И кто же не знает, какими симпатичными чертами, с какой любовью сквозь внешнюю жесткость и как часто описывал он этих чудных тружеников, этих неизвестных и незаметных героев, сознательно осуждающих свои имена на забвение? Описывал, даже не щадя их.

IX

Есть изречение: смерть каждого человека на него похожа. Невольно вспоминаешь его, когда думаешь о по­следних годах жизни Чехова, о последних его днях, даже о последних минутах. Даже в самые его похороны судьба внесла, по какой-то роковой последовательности, много чисто чеховских черт.

Боролся он с неумолимой болезнью долго, страшно долго, но переносил ее мужественно, просто и терпеливо, без раздражения, без жалоб, почти без слов. За последнее время лишь мимоходом, небрежно упоминает он в письмах о своем здоровье. «Здоровье мое поправилось, хотя все еще хожу с компрессом...», «Только что перенес плеврит, но теперь мне лучше...», «Здоровье мое неважно... пишу по­немногу... » 21

Не любил он говорить о своей болезни и сердился, когда его расспрашивали. Только, бывало, и узнаешь что-нибудь от Арсения. «Сегодня утром очень плохо было — кровь шла», — скажет он шепотом, покачивая головой. Или Ев­гения Яковлевна сообщит по секрету с тоской в го­лосе:

— А сегодня Антоша опять всю ночь ворочался и каш­лял. Мне через стенку все слышно.

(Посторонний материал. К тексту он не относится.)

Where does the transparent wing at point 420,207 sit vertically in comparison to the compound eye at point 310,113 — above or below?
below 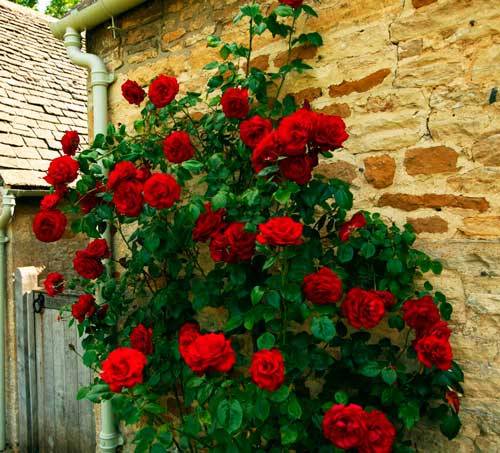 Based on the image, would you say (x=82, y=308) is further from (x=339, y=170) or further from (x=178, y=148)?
(x=339, y=170)

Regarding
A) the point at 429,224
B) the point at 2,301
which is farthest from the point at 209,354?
the point at 2,301

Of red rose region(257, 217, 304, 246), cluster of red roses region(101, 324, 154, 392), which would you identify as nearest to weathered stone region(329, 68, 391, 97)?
red rose region(257, 217, 304, 246)

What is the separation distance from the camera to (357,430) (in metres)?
1.57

Знал ли он размеры и значение своей болезни? Я думаю, знал, но бестрепетно, как врач и мудрец, глядел в глаза надвигавшейся смерти. Были разные мелкие обстоятель­ства, указывавшие на это. Так, например, одной даме, жаловавшейся ему на бессонницу и нервное расстройство, он сказал спокойно, с едва лишь уловимым оттенком по­корной грусти:

Видите ли, пока у человека хороши легкие, все хорошо.